What Did My Bike Do In Thunder Bay?

            On Friday I tried to trace the serial number (J56986 though the second symbol only looks like the bottom of a 5 or a reverse “c”) of my bike but I don’t think it’s possible to figure out the brand from the serial number. The “J” might indicate the month that the bike was made and the 69 might be stating the year, but I don’t know for sure. That serial number might exist for several bikes made by different companies. I’ve mentioned before that there is a sticker from a place called the Cycle Shack on Cumberland Street in Thunder Bay. I know that the Cycle Shack no longer exists and it’s fairly safe to assume that it existed before the internet because any store like that would have some sort of web track from having been mentioned by someone online. My writers open stage, The Orgasmic Alphabet Orgy, for instance, ended in 2000 but there are still references to it online.
            Something I only recently noticed on the sticker is that The Cycle Shack was a division of the March of Dimes. That would mean that The Cycle Shack was a non-profit, for charity bike shop, which would mean that my bike was probably already second hand when it was sold there. I wondered if the March of Dimes would have records of the bikes that they sold at that store, so I sent them an email to ask. It’s a long shot but they’ll probably get back to me next week with some kind of answer, which will probably be that they have no idea.

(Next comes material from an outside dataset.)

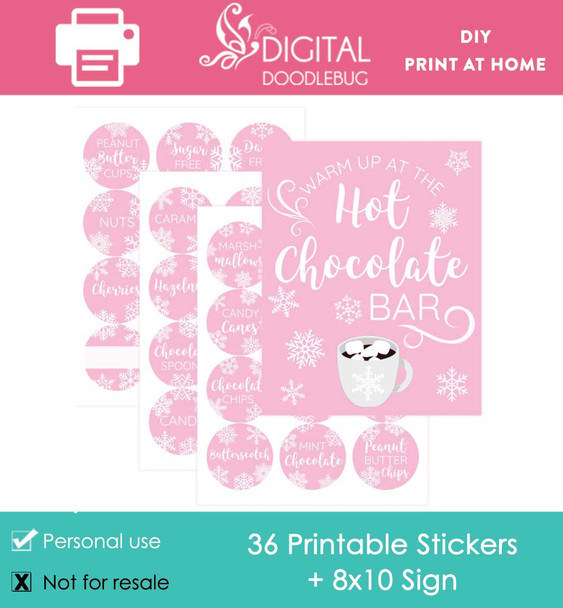 pink hot chocolate bar station kit sign and label tags for winter party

            I took a bike ride in the afternoon but only as far as Bay and Bloor and then south to Queen and home again. There were still too many puddles from melted snow on the streets to venture too far. Queen Street has some pretty deep potholes and cracks.

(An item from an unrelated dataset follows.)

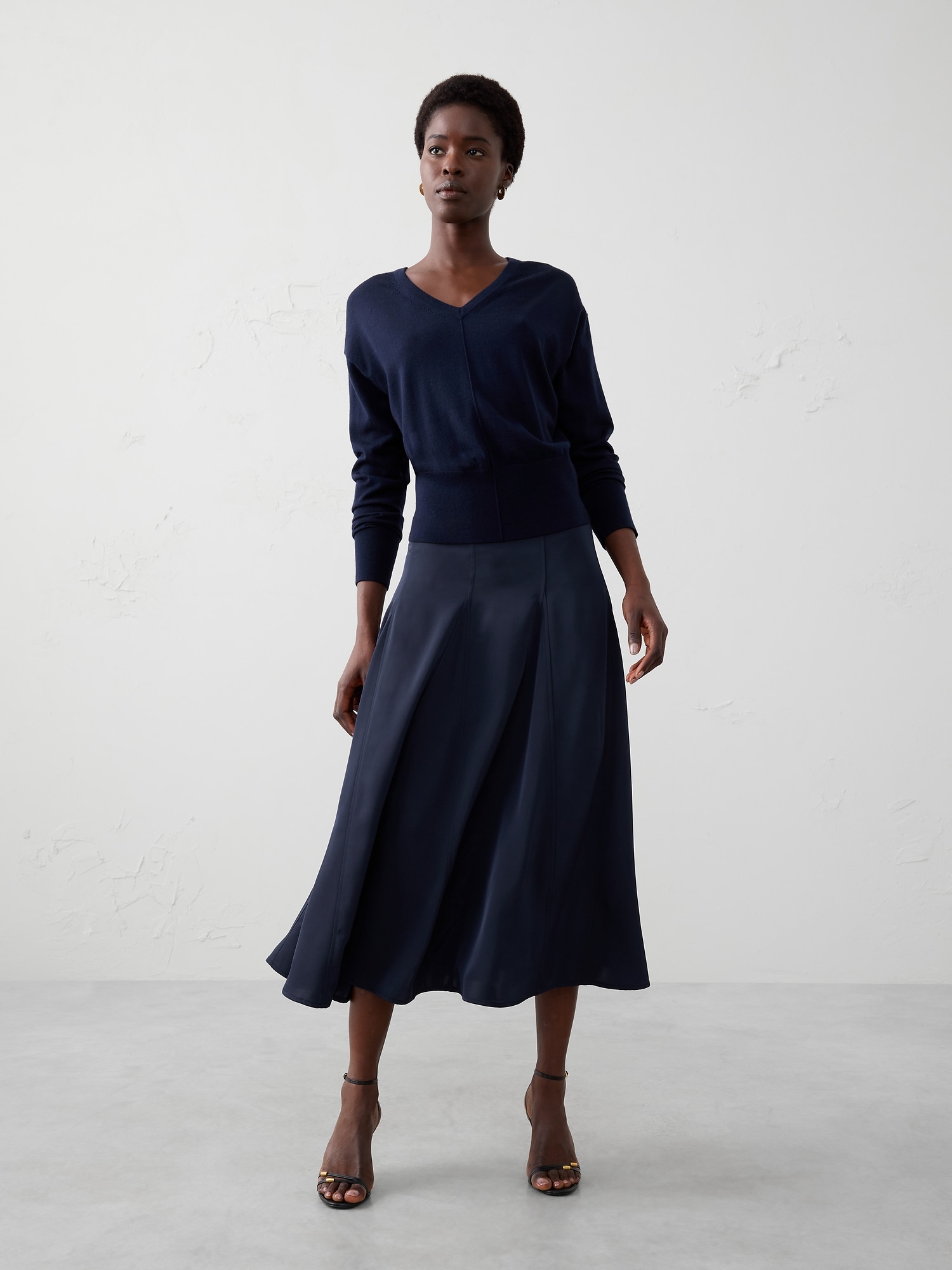 Image number 1 showing, Godet Twill Midi Skirt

            I watched an Alfred Hitchcock Hour teleplay starring Phyllis Thaxter as Elsa, the wife of Keith, who has forced her to live in a beautiful rented beach house, which she hates because the house gives her the creeps and she thinks the ocean sounds are mournful as death. and wants to move back to their apartment in Pennsylvania. Another problem with the house is that it’s damp and so Keith claims he is fixing that problem by digging a hole in the basement for drainage. Keith loves the house and the location and is planning to buy it whether Elsa likes it or not. The owners of the house are another unseen married couple that have rented the house out because the wife also refuses to live there and left her husband over it.
The beach is frequented by young people that are always around surfing, dancing and partying. Keith refuses to act his age and still wants to run around with pretty young things.

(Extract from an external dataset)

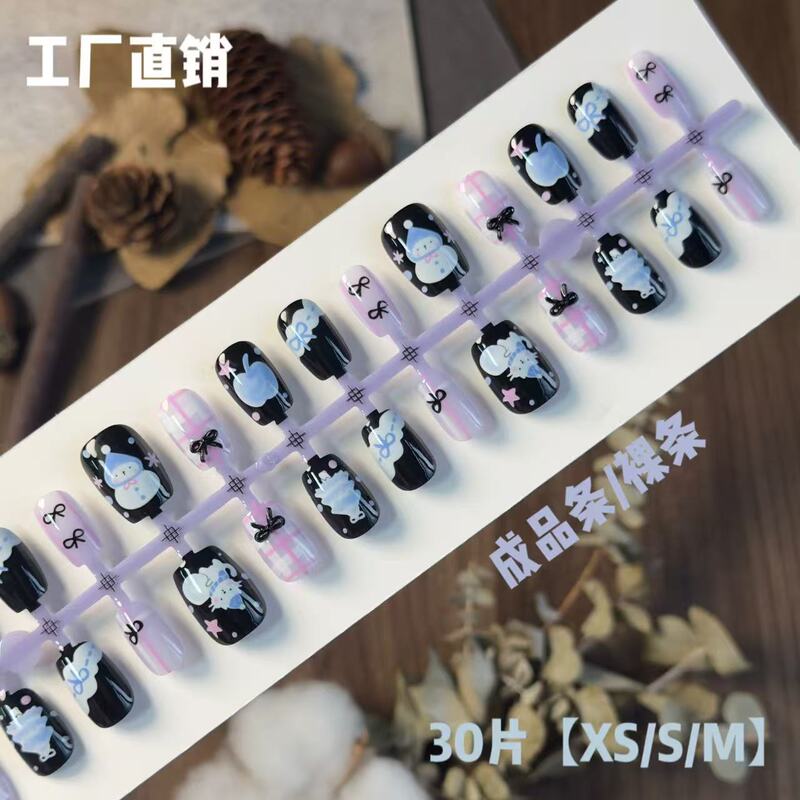 Cross-Border Christmas Nail Art Party Black and Purple Ultra-Short Ladder-Shaped Press-On Nails Snowman Snowball Kitten Plaid Nail Strips Cross-Border Christmas Nail Art Party Black and Purple Ultra-Short Ladder-Shaped Press-On Nails Snowman Snowball Kitten Plaid Nail Strips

When Keith finishes the hole in the basement he calls Elsa down to marvel at his accomplishment. She tells him she’s glad he’s enjoying such a sense of accomplishment but tells him to fill it up and take her home. He says he will and then kills her with his shovel. He buries her there and then cements the floor above her grave. A few days later the police arrive with pickaxes to tear up the floor. Keith asks how they found out. The sergeant answers, “Your wife told us.” “My wife told you?” “She tried to write Mrs Wilson, the co-owner of the house but she couldn’t find any change of address for her down at the post office. She was supposed to be in Texas but all of her mail was being forwarded to Mr Wilson in Seattle. Your wife told us that any fool know that if a woman leaves her husband she wouldn’t let him get her mail. That proves that Mrs. Wilson is dead and Mr. Wilson must have killed her.” When the cops questioned Mr Wilson he broke down and confessed that he’d buried his wife in the cellar. Just then one of the cops calls up from the basement that they’ve found something and they’d better bring Keith downstairs.